- What you should do: What you give back must match the records below exactly, apart from the pictures, which are omitted.

(Short text fragments from websites)
*** Begin section ***
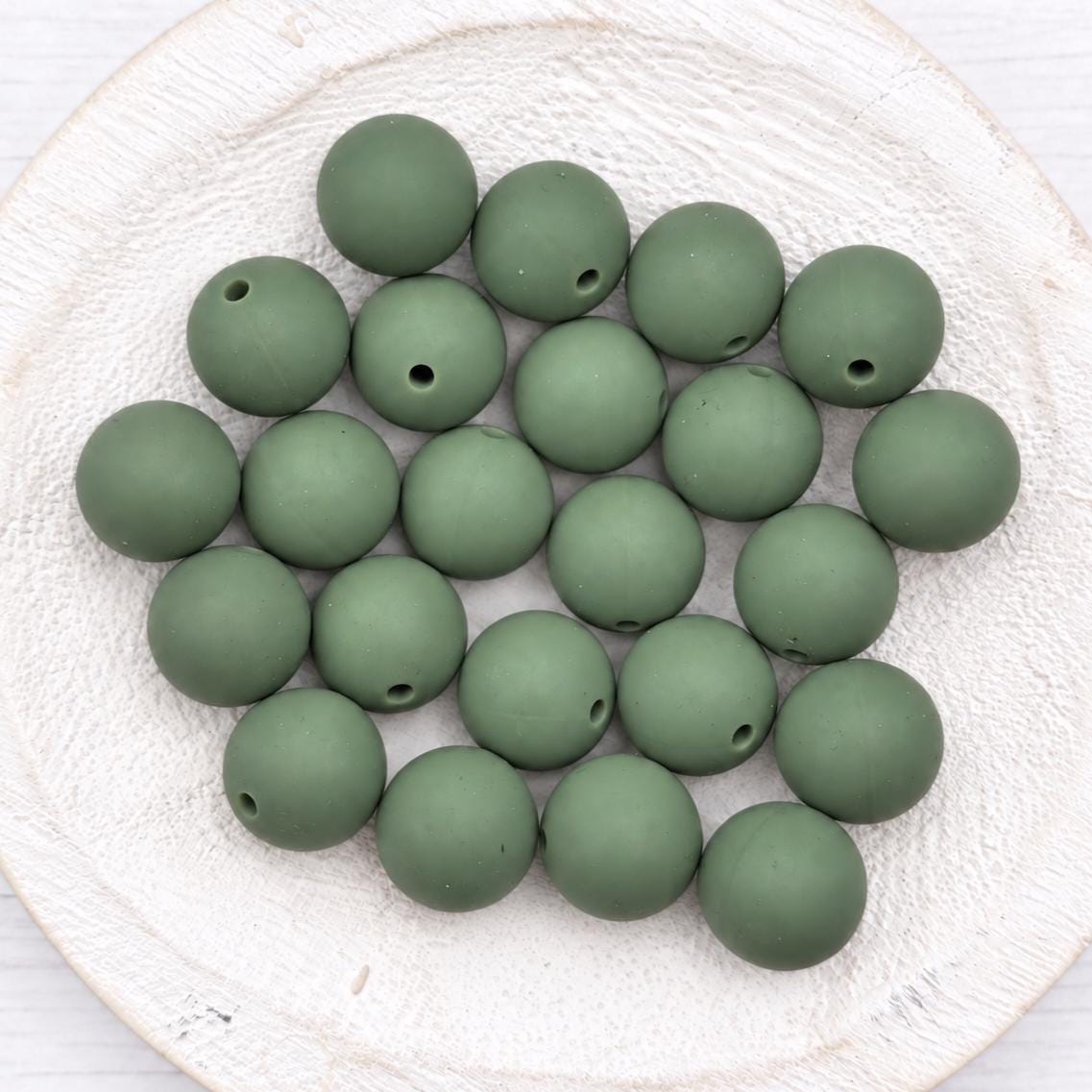 Hello Harvest 15mm Silicone Beads, (10 or 24 count), Fall Collection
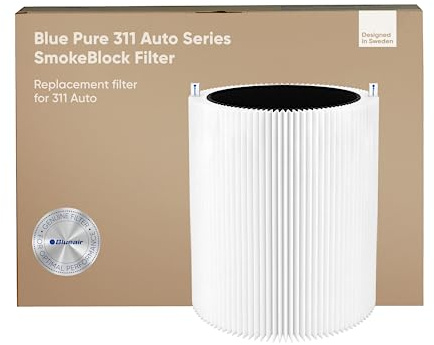 BLUEAIR Blue Pure 311 Auto SmokeBlock Ersatzfilter, extra Carbon fängt 99,99% des Wildfire Smoke, passend für Blue Pure 311 Auto-Luftreiniger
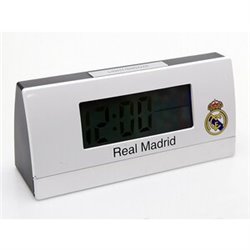 RELOJ DESPERTADOR DIGITAL REAL MADRID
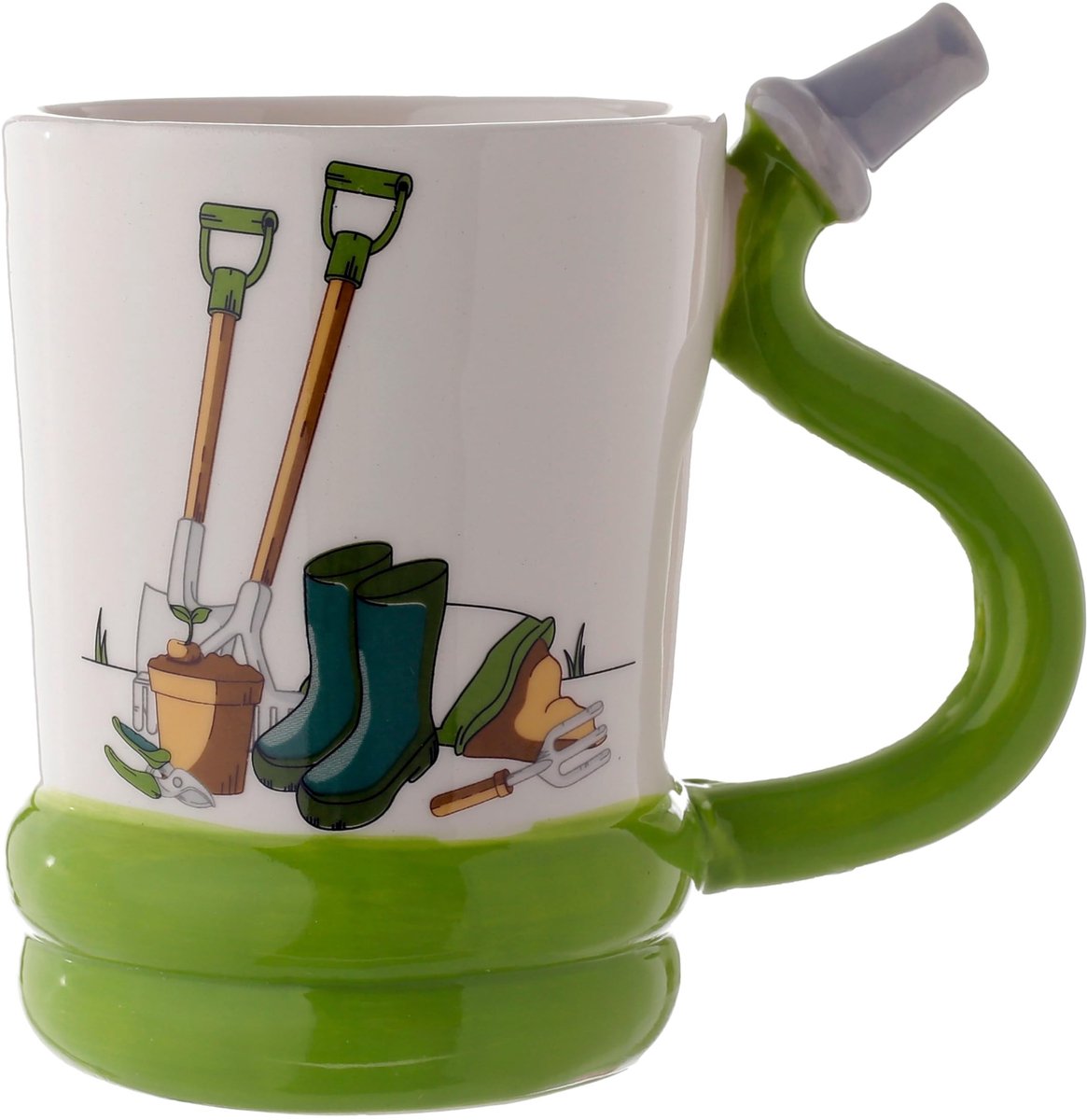 Omgoods - Moka met Tuinslang Handvat - Uniek Ontwerp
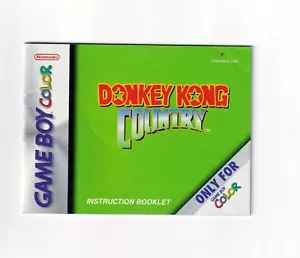 Donkey Kong Country - Libretto Istruzioni Manuale Autentico Game Boy Color - Foto 1 di 2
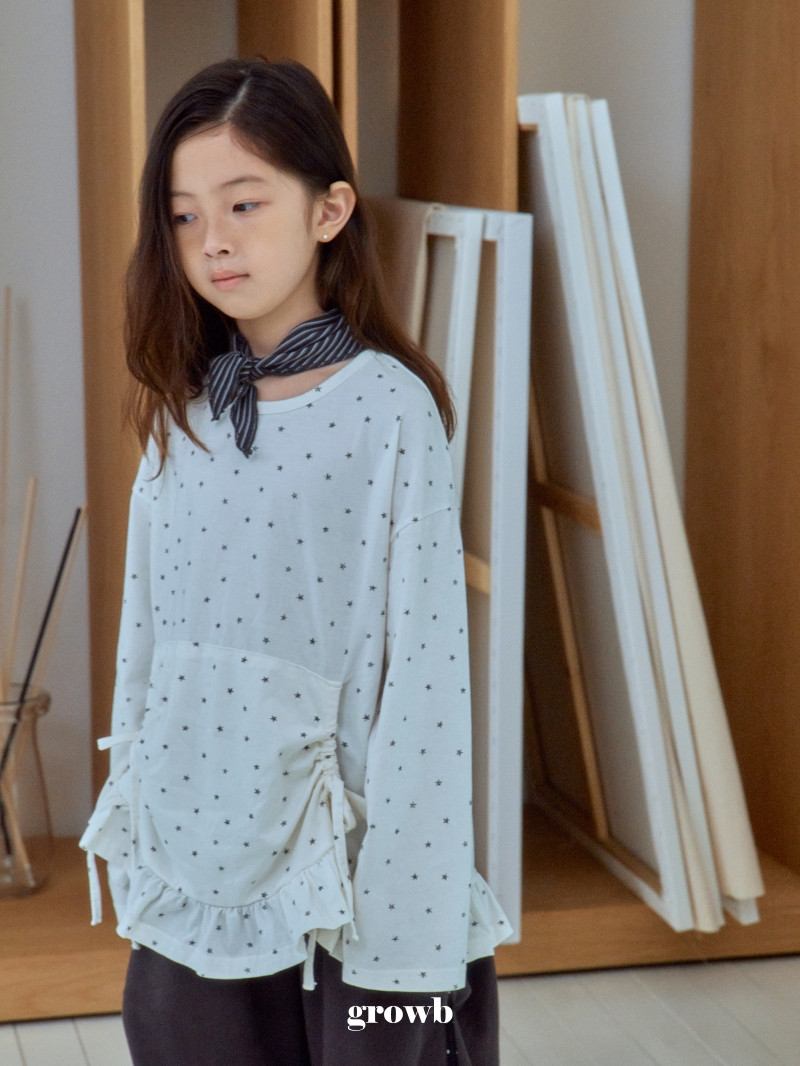 Grow B - Korean Children Fashion - #stylishchildhood - Rough Long Tee - 5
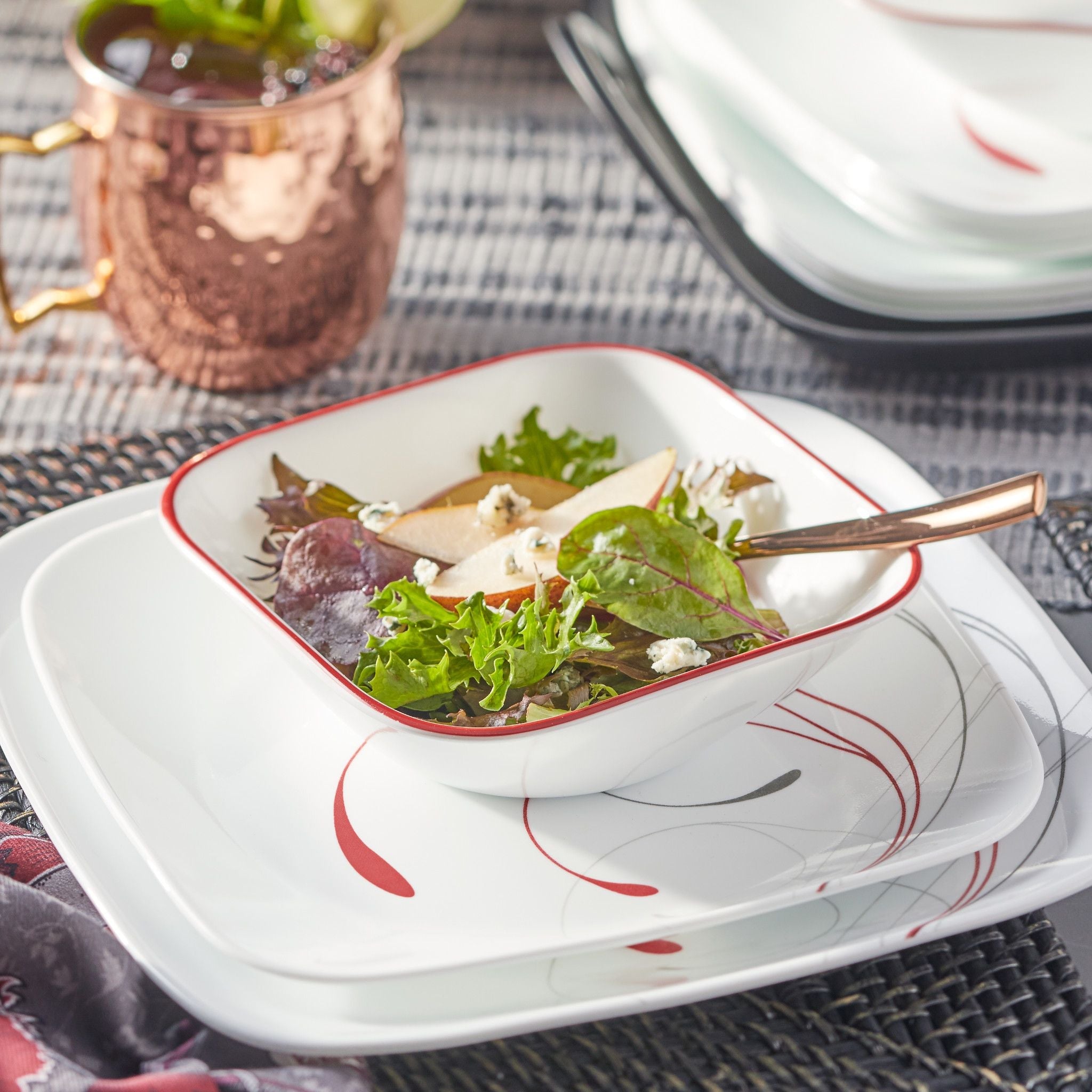 Corelle® Square Splendor 18-piece Dinnerware Set. Service for 6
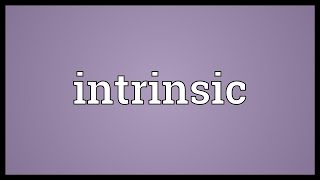 Intrinsic Meaning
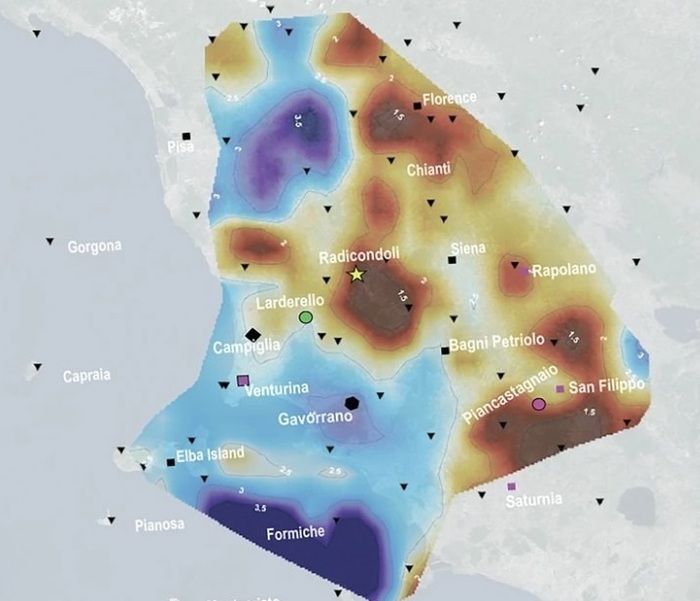 Scoperti nel sottosuolo della Toscana enormi serbatoi di magma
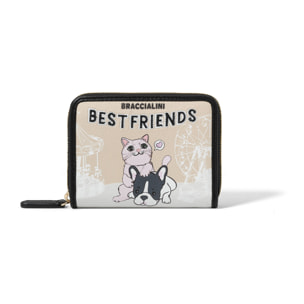 Portafoglio  da donna In Poliuretano e Poliestere Prodotto artigianale 12,5x10x2,5 cm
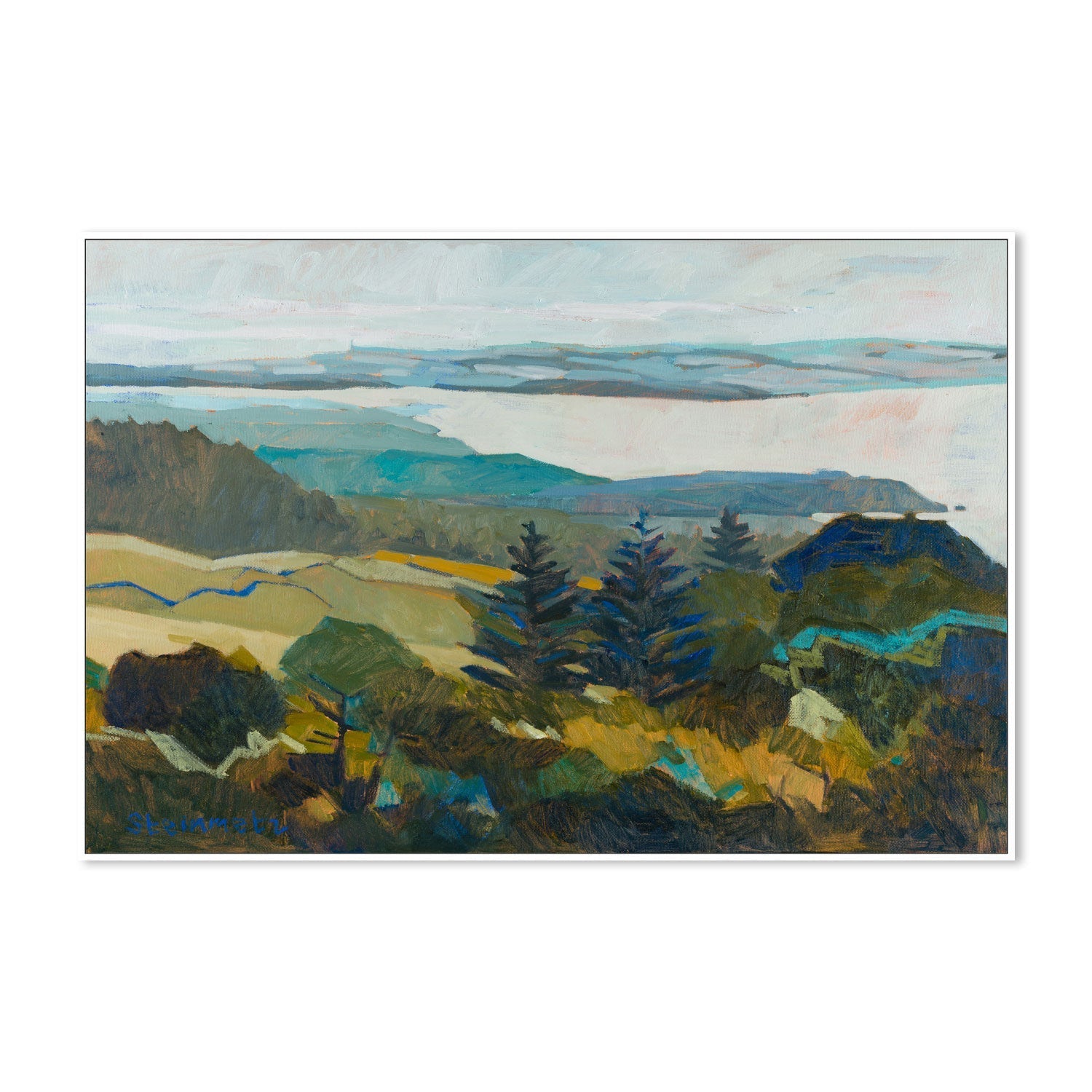 wall-art-print-canvas-poster-framed-Winter Blue View , By Liana Steinmetz-5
*** End section ***
- Exercise response:
 Hello Harvest 15mm Silicone Beads, (10 or 24 count), Fall Collection
 BLUEAIR Blue Pure 311 Auto SmokeBlock Ersatzfilter, extra Carbon fängt 99,99% des Wildfire Smoke, passend für Blue Pure 311 Auto-Luftreiniger
 RELOJ DESPERTADOR DIGITAL REAL MADRID
 Omgoods - Moka met Tuinslang Handvat - Uniek Ontwerp
 Donkey Kong Country - Libretto Istruzioni Manuale Autentico Game Boy Color - Foto 1 di 2
 Grow B - Korean Children Fashion - #stylishchildhood - Rough Long Tee - 5
 Corelle® Square Splendor 18-piece Dinnerware Set. Service for 6
 Intrinsic Meaning
 Scoperti nel sottosuolo della Toscana enormi serbatoi di magma
 Portafoglio  da donna In Poliuretano e Poliestere Prodotto artigianale 12,5x10x2,5 cm
 wall-art-print-canvas-poster-framed-Winter Blue View , By Liana Steinmetz-5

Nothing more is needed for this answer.